I've noticed, though, that each editor has pet issues she tends to focus on. I had one editor who insisted on striking every instance of the word “that” introducing a dependent clause after a verb of sensation or thought. For example, if I wrote:
Henrietta thought that she'd never recover from Harold's treachery.
This editor would revise the sentence as:
Henrietta thought she'd never recover from Harold's treachery.
I agree the two sentence are equivalent in meaning, and the second is more concise than the first. However, sometimes the rhythm of a sentence requires the additional beat of that extra word. Furthermore, I like some variety in my sentence structures. So I accepted most of her edits, but retained a few “thats” where they seemed to fit.
Anyway, my most recent line editor really had a bee in her bonnet concerning “independent body parts”, often abbreviated as IBP.
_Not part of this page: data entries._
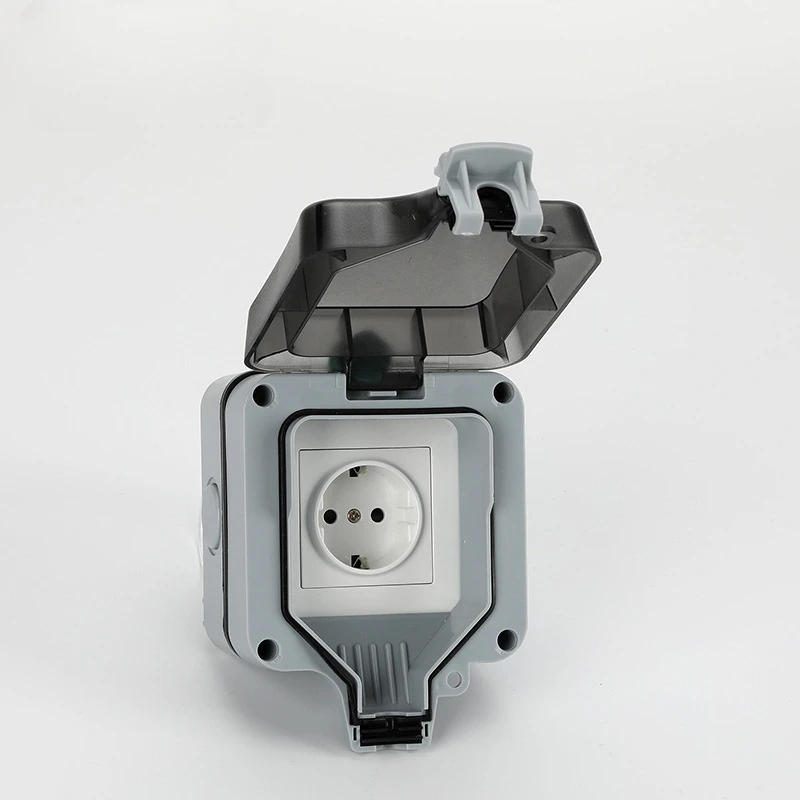 Prese impermeabili da parete p - Outdoor Power Solutions recensione e prezzo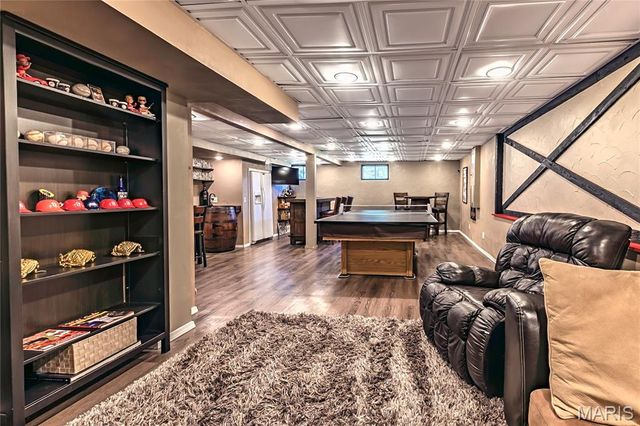 9047 Lowill Lane, Crestwood, MO 63126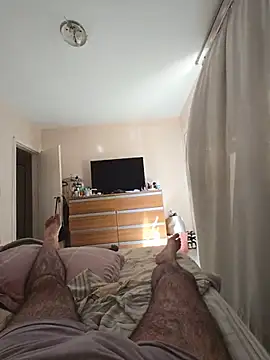 Snapshot of MysterBearMG chatting on 06/28/26, 04:13 MysterBearMG online show from 06/28/26, 04:13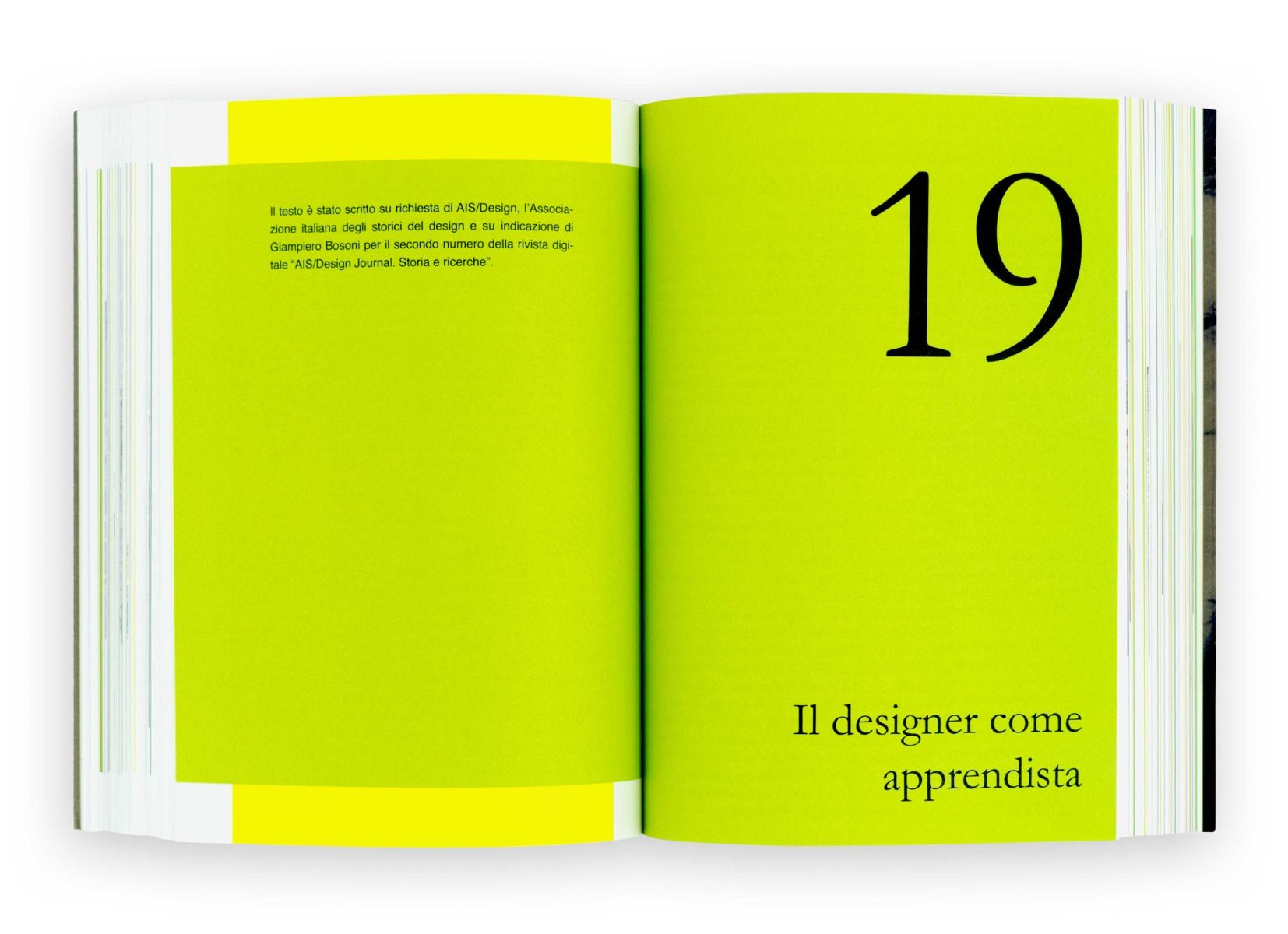 Libro aperto con pagine gialle, numero 19 e titolo Il designer come apprendista. Testo sulle ricerche storiche di design.
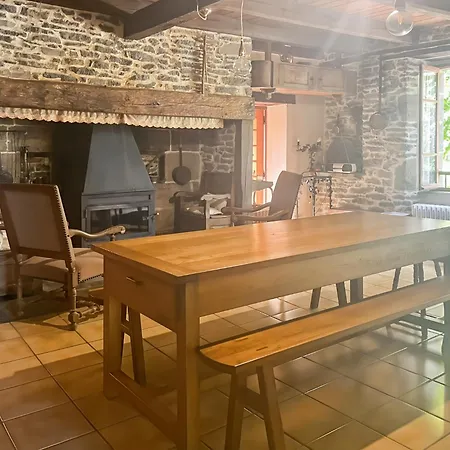 بيت للعطل Maison Auvergnate A Cote De Salers - 4 - Parking, Garage - Jardin - Salle De Jeux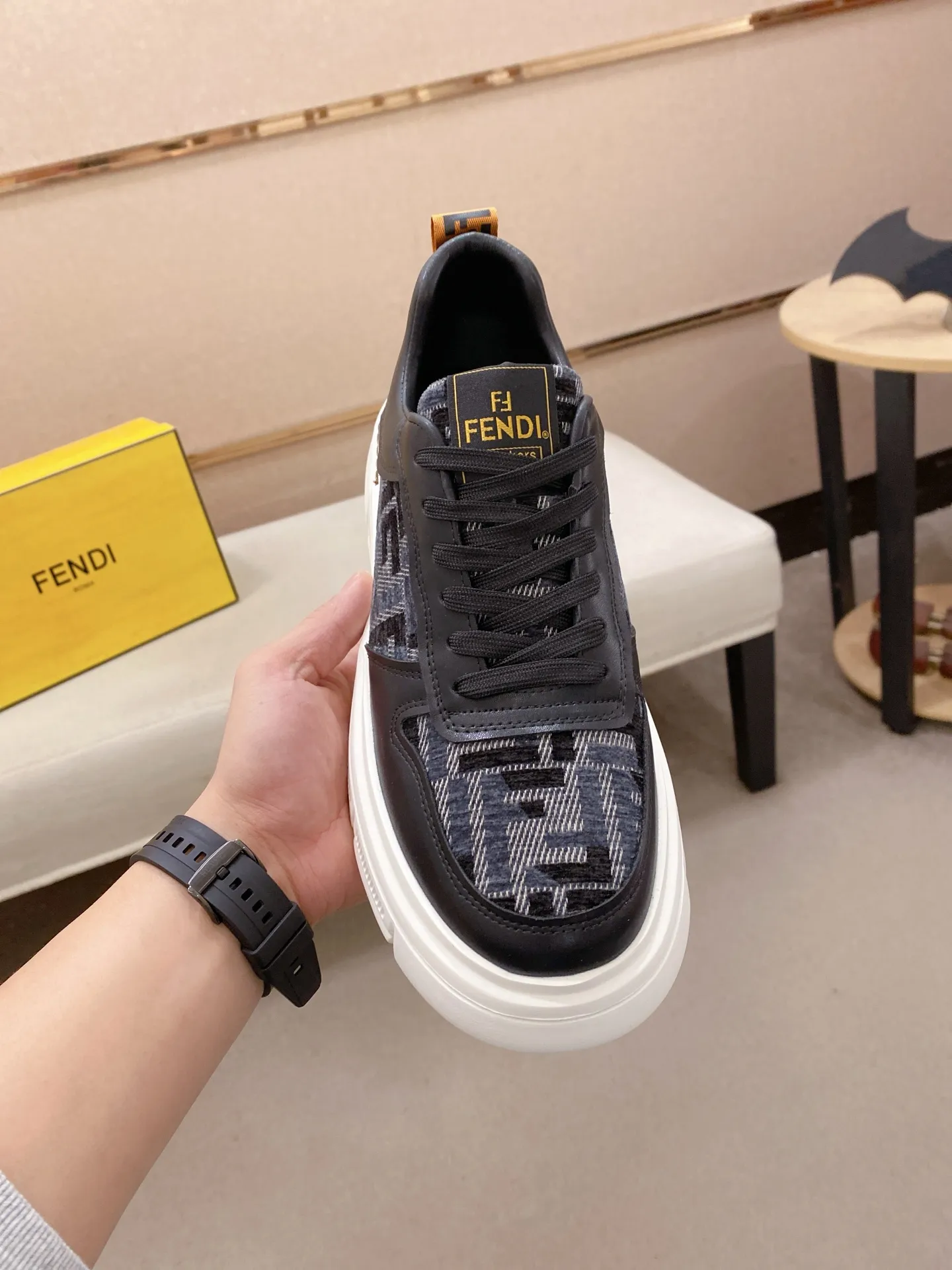 Factory price 400💰 (fendi) New style 👊🏻 upper 🇮🇹 imported cowhide fabric 🇩🇪 lining imported sheepskin lining. The original outsole is molded to highlight the identity of every man, and the upper foot is elegant and stable🚶🏻🚶🏻The high-end custom counters reproduce the original version📯No matter the wind or rain, the shoe last remains unchanged and can withstand the verification of time🔍️,🔵 Size: 38-44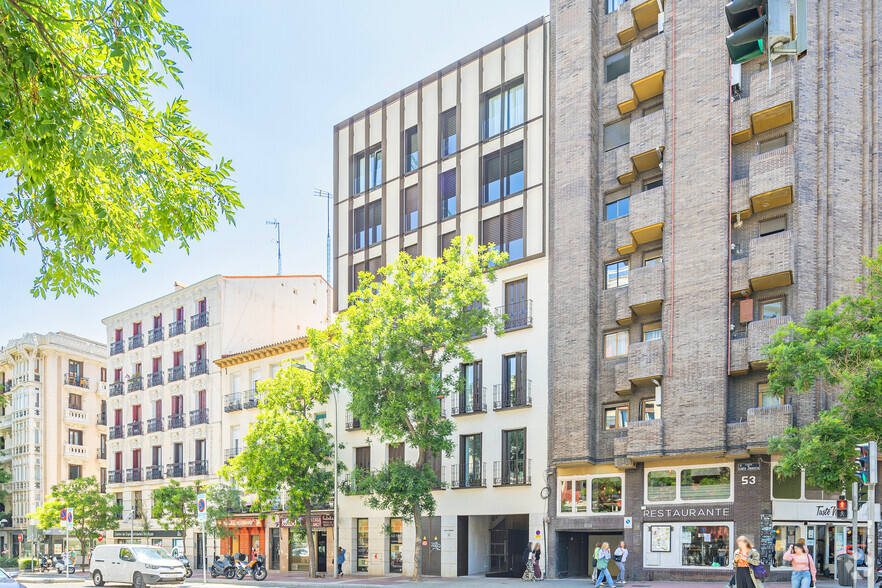 Multifamily in Madrid, MAD for sale - Primary Photo - Image 1 of 1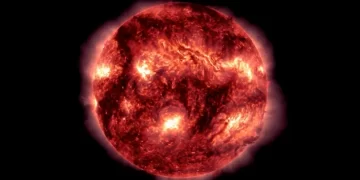 Predicen un impacto directo de una tormenta solar en la Tierra para este martes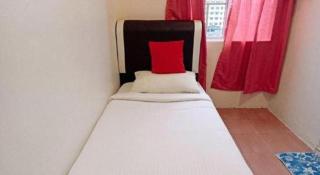 The Hotel Tudor Inn - 1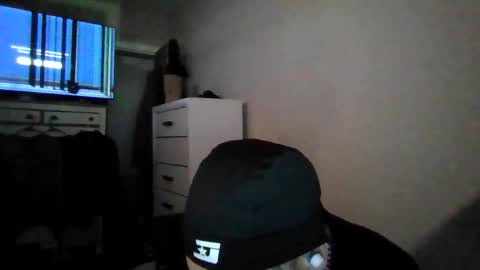 Snapshot of cruz815 chatting on 04/08/26, 10:15 cruz815 online show from 04/08/26, 10:15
In case you've never met the dreaded IBP, this term refers to sentences where some part of a character's body becomes the subject of an action verb. For example:
Her eyes followed him as he strode across the room.
His fingers crept up her thigh and under her skirt.
His tongue poked rudely into her mouth.
Some novice authors overuse this kind of sentence, often to the point of silliness. Because of this tendency, editors have become hypersensitive to these constructions, brandishing their red pen whenever one appears.
However, there is nothing a priori wrong with using a body part as a sentence subject in this way. This is an accepted category of figurative language. It even has a name:synecdoche. Synecdoche is the practice of referring to a part when you mean the whole, or vice versa.
Sentences that are labeled as IBP are not intended to be construed literally. Of course her eyes stayed in her head as he walked across the room – no reasonable reader would think otherwise. Yes, most likely he was in control of those fingers – they weren't acting on their own - but the synecdoche focuses the readers' attention on the stealthy progress of those digits, perhaps even as their owner continues to converse in a normal way.
An occasional “IBP” sentence is not a flaw, in my opinion. When I construct my paragraphs, I do so deliberately, with an eye to diversity and flow. The alternative to using IBP is often to have every sentence beginning with a name or pronoun. This gets boring after a while.
The so-called rule about avoiding IBPs may be helpful to novice authors. The trouble is, it's really not a rule, anymore than the guidelines about avoiding passive voice are rules. English is a gloriously rich language with an enormous repertoire of sentence structures and rhetorical devices. An accomplished author should not shy away from using the ones that she believes her story needs.